No se había dado cuenta de lo peligrosos que eran esos hombres hasta esa noche. Podían matar a cualquiera y nadie se atrevería a decir nada.
«¿Por qué se pelearon con esos chicos? ¿Y por qué encerraron a Stephen así?», preguntó ella.
Ian inhaló profundamente el humo de su cigarrillo, con la mente distraída por la visión de sus suaves labios.
«Son traficantes de drogas. Intentaron vender drogas a los estudiantes, lo cual no permitimos. Así que, cuando Stephen los pilló, lo encerraron».
—¿Y por qué pelearon Stephen y tú?
Él levantó una ceja y se acercó a ella. —Estoy bastante seguro de que no querrías saberlo.
Ella negó con la cabeza. —No, quiero saberlo.
Él se acercó peligrosamente y murmuró:
—¿Y si te dijera que tiene que ver contigo?
Ella se sorprendió. —¿Que tiene que ver conmigo?
Reflexionó sobre las palabras, aunque su proximidad solo la ponía más nerviosa.
—¿Por qué perder el tiempo preocupándote por peleas entre amigos íntimos? No estés tan ansiosa, Omega.

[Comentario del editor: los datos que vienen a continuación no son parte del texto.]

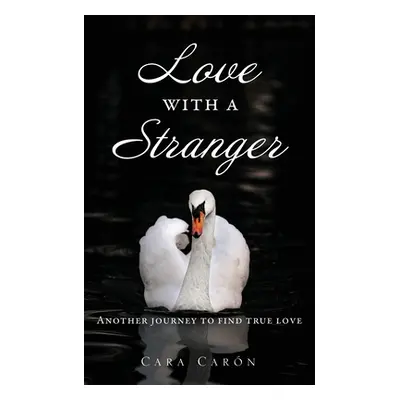 "Love with a Stranger: Another journey to find true love" - "" ("Carn Cara")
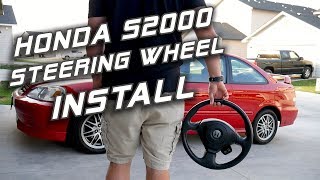 Honda S2000 AP1 Steering Wheel Install  EK amp EJ Civic [upl. by Chally]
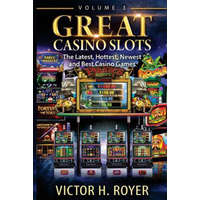  Great Casino Slots: The Latest, Hottest, Newest and Best Casino Games! – Victor H Royer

Su corazón dio un vuelco cuando él la llamó «Omega». Nadie más que él la había llamado así por su rango. Escuchar su voz grave le provocó un escalofrío.
El humo de su cigarrillo se deslizó por sus fosas nasales, haciéndola toser ligeramente.
Ella lo empujó contra el pecho. «Apártate. No me gusta el humo del cigarrillo».
Él no se movió, sino que ladeó la cabeza para ver mejor su rostro.
«No es tan malo. ¿Quieres probar?».
Ella frunció el ceño y la ira se apoderó de sus ojos. «¿Qué estás diciendo? Nunca tocaré un cigarrillo».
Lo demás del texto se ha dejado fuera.